Miałam się najpierw zabrać za bieliznę. Ale cóż, kiedy nie ma się materiału? (Tzn. prześcieradła na zbyciu, bo wszystkie poszły już dawno na przebrania na 
a) obozy harcerskie 
b) jakieś inne dowolne. ;))
Prześcieradła będę mieć w niedzielę, w ilości nadmiarowej - kochana babunia się ulitowała i, stwierdziwszy, że jej są one niepotrzebne, a właściwie już dawno miała je oddać/wyrzucić, wielkodusznie oddaje je MNIE. Tak więc będę mieć lepszego i gorszego białego materiału pod dostatkiem. :P

I was supposed to start with undergarments. But how could I, when I have no fabric? (That means no spare sheets ;))
But I WILL get some on Sunday. My grandma has lots of spare sheets that she has nothing to with, so when I told her about my blog, she decided to give them to me. :) 

Tymczasem połasiłam się na zrobienie budki (wolę tę polską nazwę niż "bonnet":)). Wyżej wymienione nakrycie głowy powstało z: tekturki (tyły od bloków rysunkowych... Wiedziałam, że kiedyś się przydadzą!), resztek białej bawełny, wstążek, kleju (zwykłego do papieru :P i kleju CR) oraz sztucznych kwiatków na druciku, które wegetowały w szufladzie kredensu od jakichś czterech - pięciu lat niewykorzystane do końca. Mamusia pozwoliła użyć. :D

In the meantime, I made a bonnet. I made it from cardboard, scraps of white cotton, ribbons, glue and some paper flowers wire. 

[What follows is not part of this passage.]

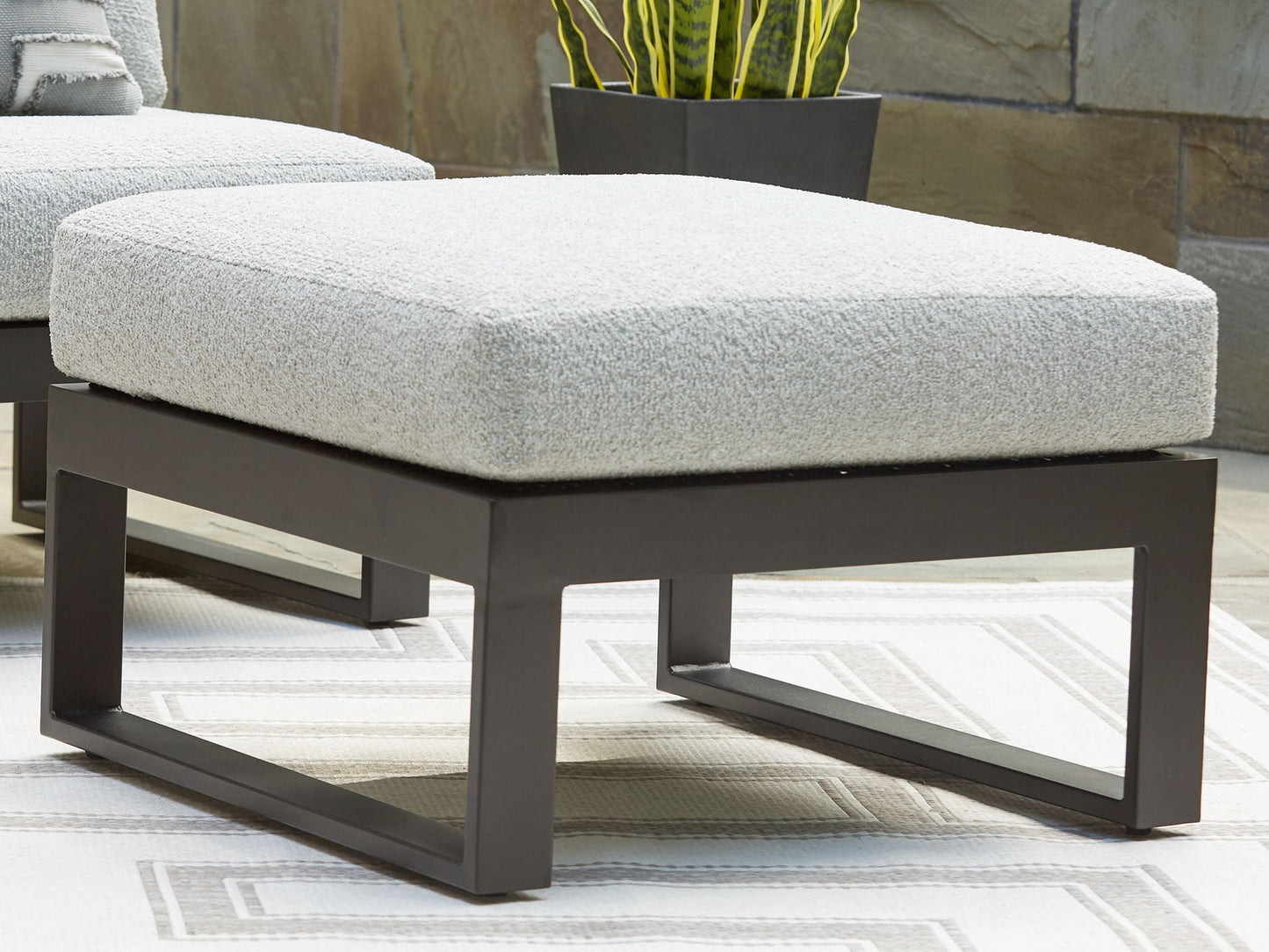 Beachloft - Black / Gray - Ottoman With Cushion - Hornell Furniture Outlet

Efekt (błagam, wybaczcie słabą jakość zdjęć; nie mam chwilowo aparatu, robione były ajfonem...:/):
The effect of my work:




A na koniec, nie w temacie, za to dla  dla tych, które kochają pana Darcy'ego, zdjęcie zrobione w Chatsworth (urządzeniem niewiele bardziej zaawansowanym niż żelazko...):
And now, for those who love Mr Darcy, a photo taken at Chatsworth:
 

I napis, który znajdował się pod popiersiem:
And what was written under the bust:
 

:P
A bientot!

piątek, 15 listopada 2013

Hmm...

 Siedziałam sobie dziś (i nie tylko dziś:)) chwilę na stronie Metropolitan Museum of Art, przeszukując (oczywiście) ich kolekcję sukien dziewiętnastowiecznych. Wymyślałam i patrzyłam, jaką suknię bym chciała mieć, jak już się naumiem lepiej szyć. :)
Na razie to tylko luźne inspiracje. :) 

So I was just browsing the Metropolitan Museum's website, looking at nineteenth century dresses, thinking what I'd like to sew someday. :)
These are just some inspirations.
 
Jest taka dostojna.

Ta wesoła krateczka zdecydowanie do mnie przemawia!
Taką to ja bym talię chciała mieć!;)
Podobają mi się te kropeczki.
Krateczka. I ładne fichu.
W pewnym momencie trafiłam na coś ciekawego, a mianowicie na suknie chyba... ciążowe! Same powiedzcie, czy tak nie wyglądają?

Then I found something funny. At first, I thought "pregnancy dresses? what?", but then I found out they were wrappers. I know I may sound stupid, but I'm just new to all this, so please don't judge me too severely ;)





Fajne fajne. Dla jakiejś kostiumującej przyszłej mamusi jak znalazł! :P


(Wszystkie grafiki pochodzą ze strony Metropolitan Museum of Art.)
(Photos from the Metropolitan Museum of Art website

czwartek, 14 listopada 2013

Jak, dlaczego, po co, itd. :) / How, why, what for etc. :)

Cóż... Wydaje mi się, że odkąd pamiętam, marzyłam o posiadaniu najpierw "księżniczkowej", a gdy już urosłam;), "historycznej" sukni. Od kilku dobrych lat moim marzeniem było choć na chwilę włożyć gorset, z jakiejkolwiek epoki, byle poczuć się przez chwilę tak wyjątkowo... Nawiasem mówiąc, udało mi się tego lata - byłam w Chatsworth (majątku, w którym kręcono "Dumę i Uprzedzenie" z Keirą Knightley!!!) i... na wystawie poświęconej właśnie DiU i Jane Austen można było przymierzyć regencyjne long stays. To było coś, zwłaszcza, że dziwnym trafem pasowały prawie idealnie! 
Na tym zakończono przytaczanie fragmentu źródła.